1.4.2 Implications on Quality-of-Service and Predictability

Implications on Quality-of-Service and Predictability

The preceding examples show that modularity can have a tremendous impact on performance. Researchers were able to achieve speedups in the range from twenty to several hundred percent by applying various verticalization techniques to otherwise purely modular systems. But modularity also has a negative effect that cannot be quantified easily: resource-management problems such as quality-of-service or predictability are often difficult, if not impossible, to solve in purely modular systems. The key issue is that sometimes a reasonable combination of modules has unwanted behavior, even though the modules themselves work according to their specifications.

For example, consider a simple filter that takes as input a message (sequence of data bytes) and produces as output a message that contains the run-length encoded data of the input message. Suppose this filter were used as part of a networking stack through which a mix of different packets may flow, some of which may have realtime constraints associated. Unfortunately, since the filter does not know which packets have realtime constraints, it cannot schedule the CPU appropriately. As a result some of realtime packets may miss their deadlines needlessly. Rather than fixing the filter to make it aware of what packets have realtime constraints, a better solution would be to simply recognize that there are resource management issues that are associated with the data, rather than with the particular module that is currently processing it. Once we recognize that fact, we can look for a more general solution that would make it possible to use unmodified filters, such as the run-length encoder, while retaining the ability to perform proper resource management.

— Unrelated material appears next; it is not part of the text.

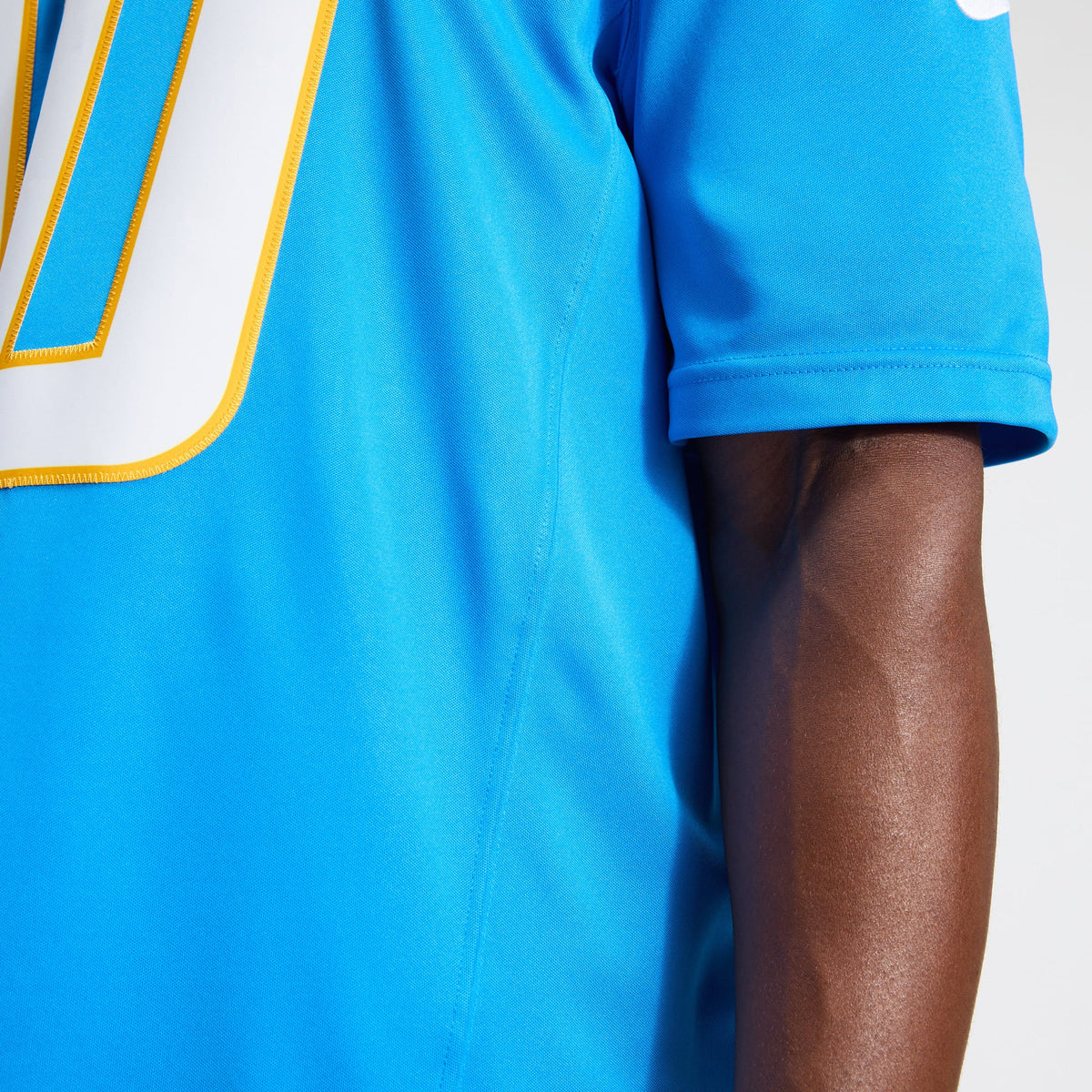 Men's Los Angeles Chargers Justin Herbert Nike Powder Blue Team Vapor F.U.S.E. Stitched Limited Jersey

Note that such resource management problems can occur not just for CPU scheduling but also for memory management and indeed for any resource in a computer system. In the memory management realm, consider that some applications may require hard guarantees on the availability of memory. For example, paging over the network requires that the networking subsystem can guarantee that it does not run out of memory while processing a packet related to paging. Otherwise, the pager itself may deadlock when attempting to free up memory by paging out over the network. Again, one might be able to solve this problem by modifying each module in the networking subsystem, but a more general solution would certainly be preferable.

To summarize, since a module by definition does not concern itself with the context in which it is being used, modular systems by themselves cannot accommodate applications that need to provide global service guarantees such as the processing of a data-item within a given deadline or without running out of memory.